Per tutta la durata di questa intervista a Stefania Masala, meravigliosa attrice sarda non a torto definita bagaglio e tesoriera, testimone ed erede  di Giorgio Albertazzi, ho avuto l’impressione di un colloquio a tre. Ed era un colloquio che necessariamente andava declinato in questo modo: c’era in ogni tratto delle sue parole, perfino in un momento nel quale la sua voce si è quasi spezzata per la commozione ricordando un episodio bellissimo, una presenza particolare, una sorta di nume che le ha indirizzato il cuore verso le mie domande. E più che riportare un resoconto delle sue esperienze artistiche, della sua evoluzione come attrice e di quello che sarà il suo futuro sul palco, ho avuto la netta sensazione che stava dicendo tutto quello che forse non è riuscita a dire ad Albertazzi in tempo; una sorta di lettera di affetto di cui sono diventata, per casualità e fortuna la testimone sotto dettatura.
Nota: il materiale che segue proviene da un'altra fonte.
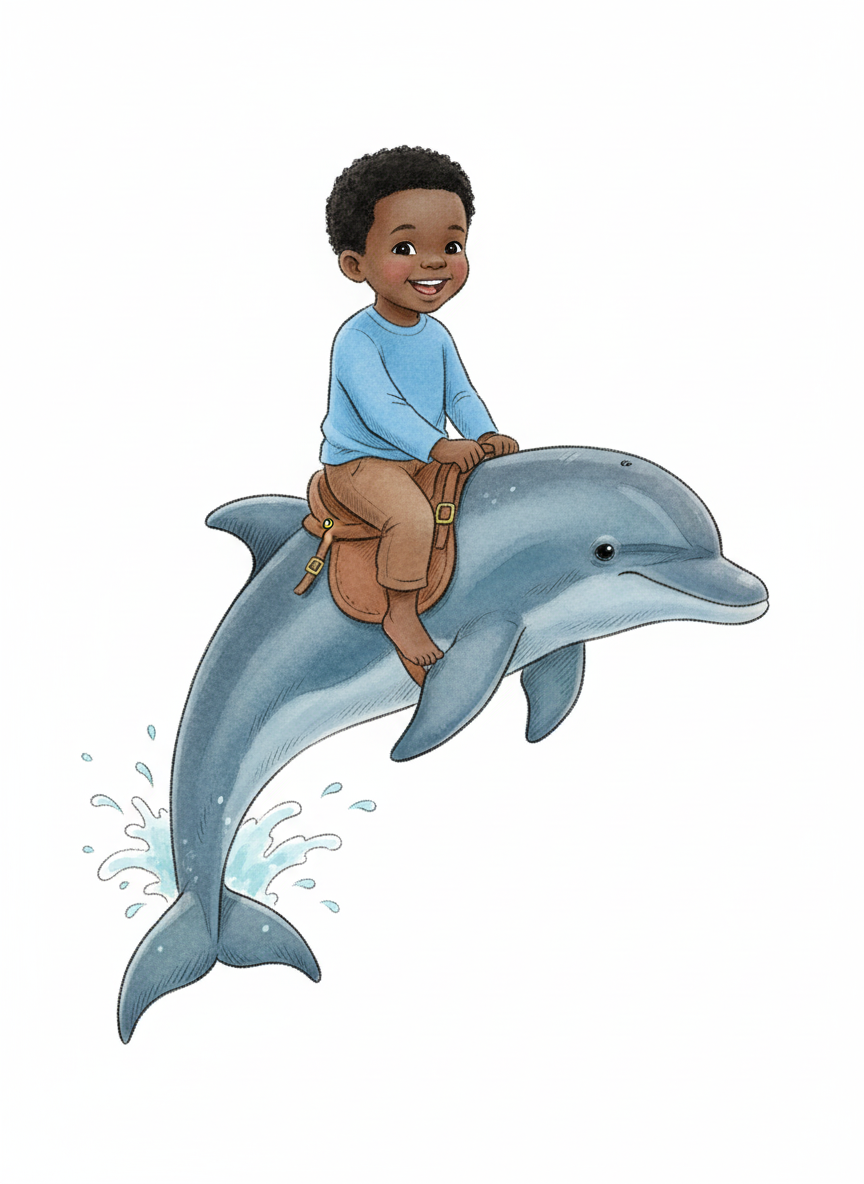 Anthony the Dolphin Rider - Gentle Pencil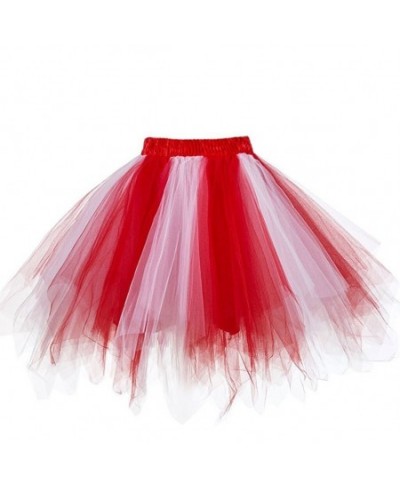 Women Patchwork Tulle Skirt Short Tutu Pleated Mini Skirts Adult Fancy Ballet Dancewear Party Costume Ball Gown Skirt Summer ...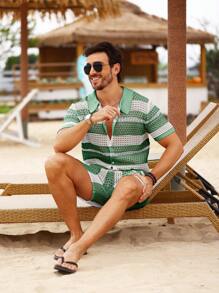 Manfinity RSRT 2 peças Conjunto de Suéter e Shorts Tricotados Masculinos, Moda Minimalista Casual para Uso Diário, Roupas de Balada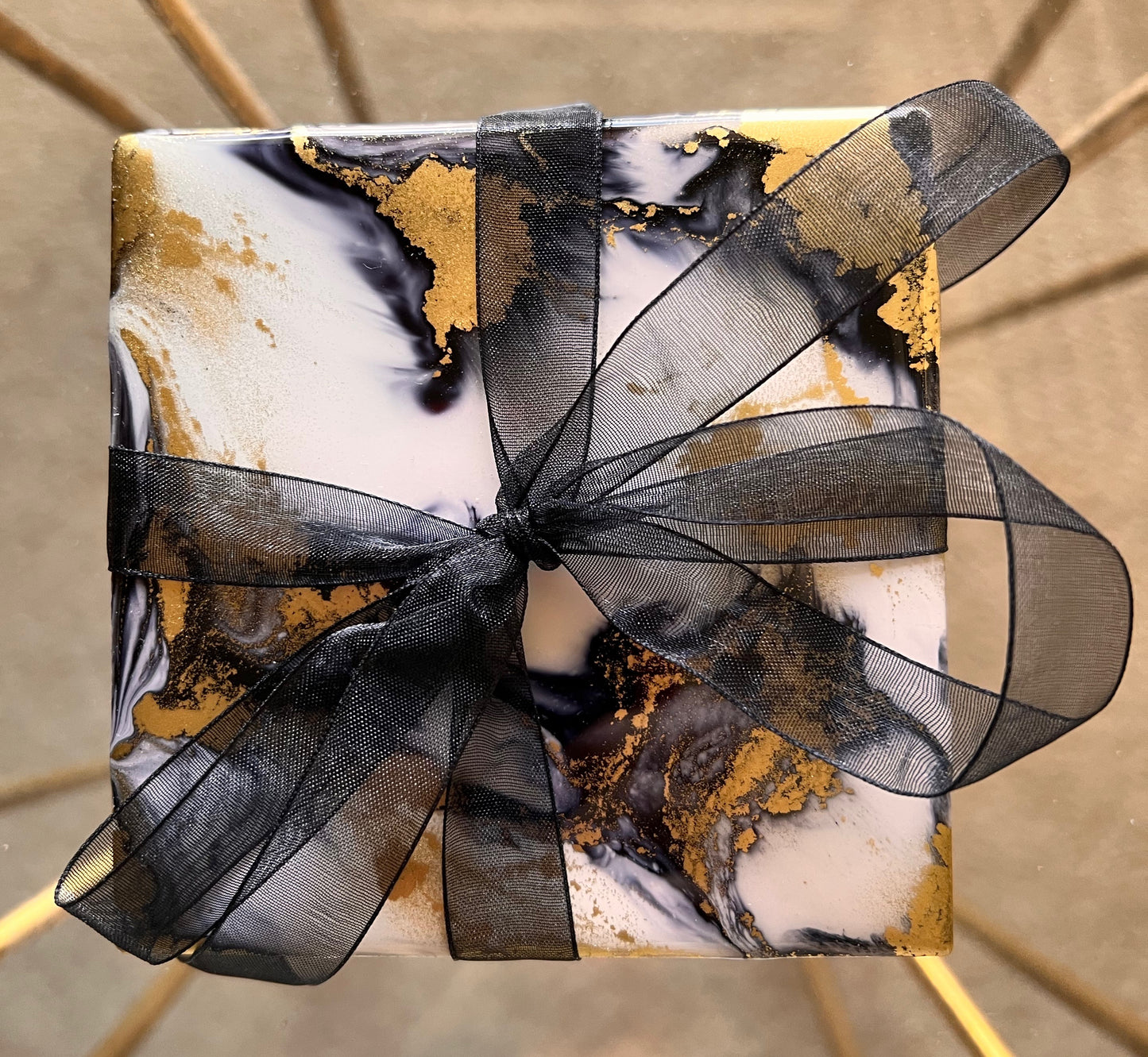 Resin Coasters- Black, Gold and White (SOLD)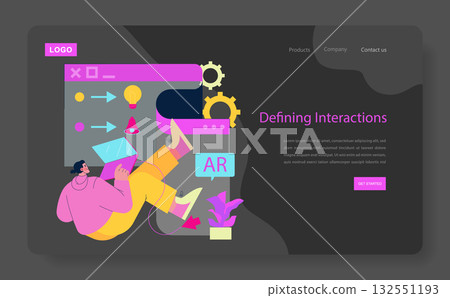 Vector illustration of a person engaging with augmented reality elements on a screen. Includes digital graphics, interface components, and vibrant colors to represent tech interaction. Vector illustration of a person engaging with augmented reality elements on a screen. Includes digital graphics, interface components, and vibrant colors to represent tech interaction. 132551193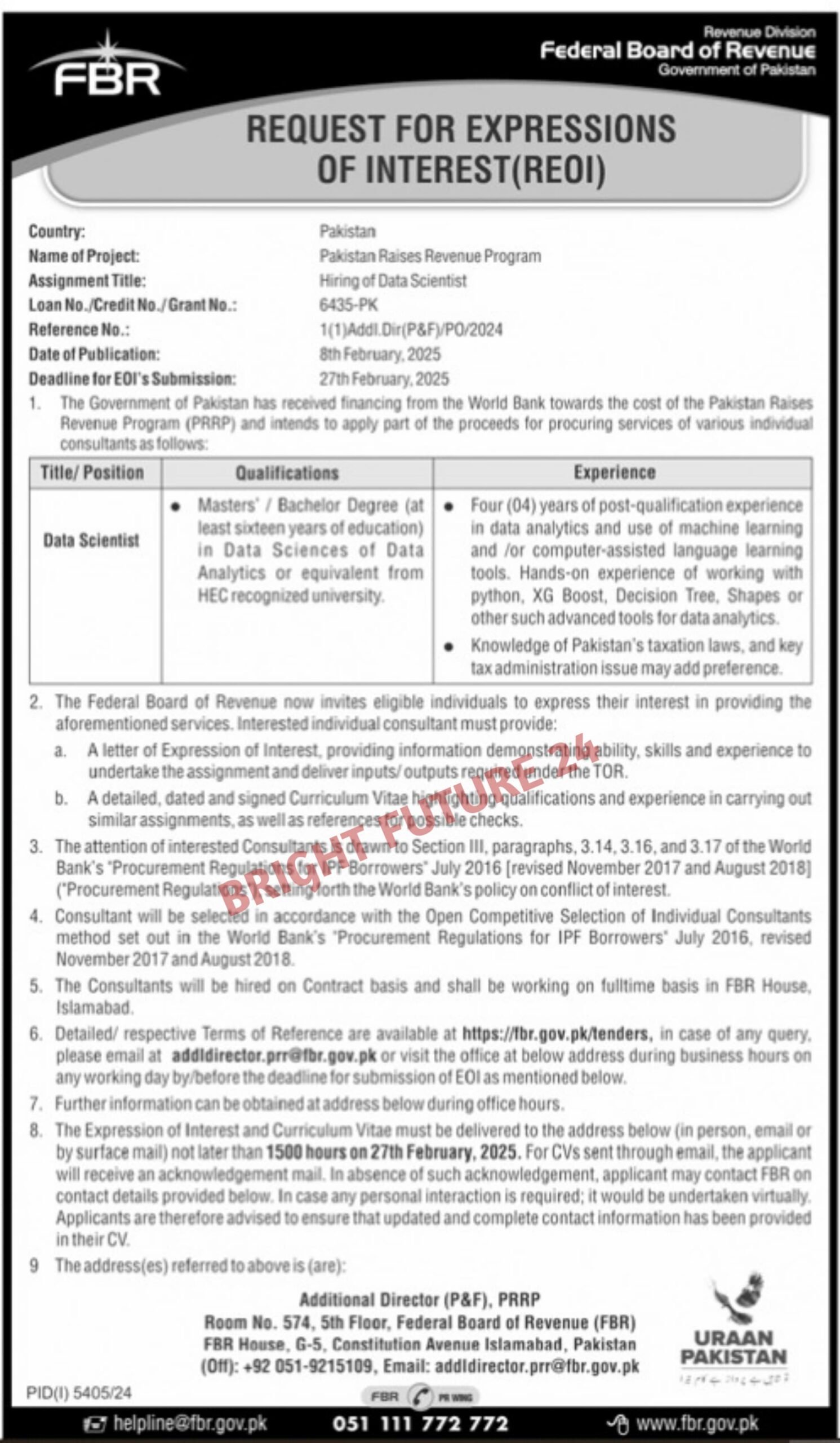 Federal Board of Revenue FBR Jobs 2025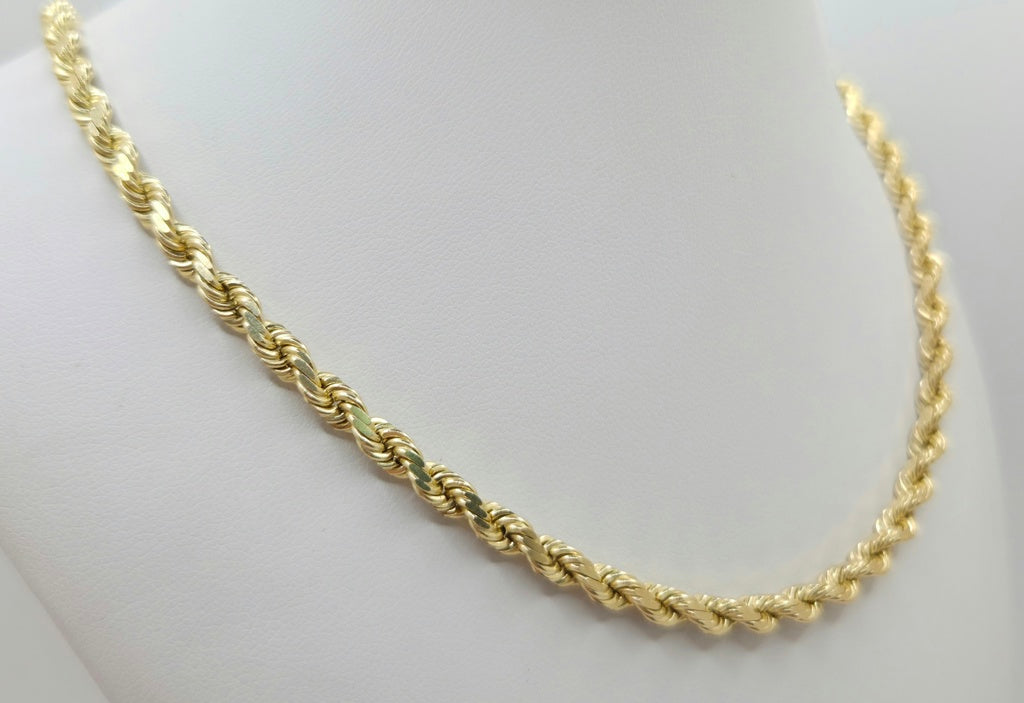 10KT SOLID ROPE CHAIN Size 20INCH 4MM Weight 32.5GR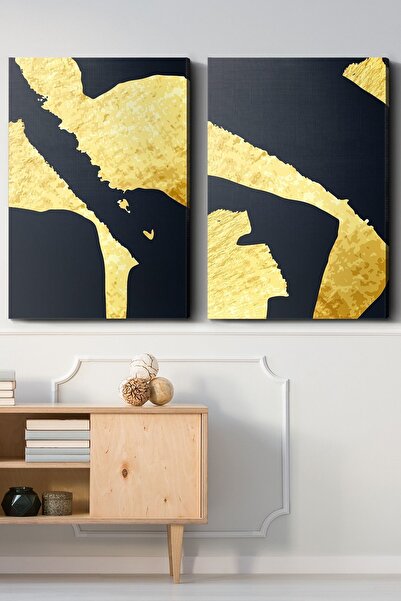 Evinemoda 45X65 cm Gold Abstract Art 2 Piece Canvas - Canvas Painting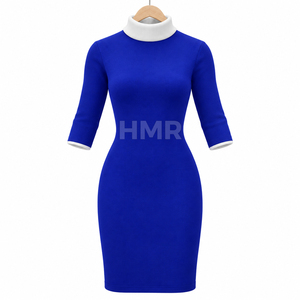 HMR Sorority Sisterhood Blue Knitted Turtleneck Bodycon Dress <b>Three</b> Quarter Sleeve Contrast Cuffs Knee-Length - Product Image 1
Stefania Masala, energia e talento condensate in una giovane età, si consegna così, con il suo  papà “ adottivo” come lei stessa mi racconterà,  invisibile e perennemente alle sue spalle, anzi mano nella mano con lei.

Stefania, so che è una domanda a cui avrai risposto chissà quante altre volte, ma qual è il tuo ricordo più vivo di Giorgio Albertazzi?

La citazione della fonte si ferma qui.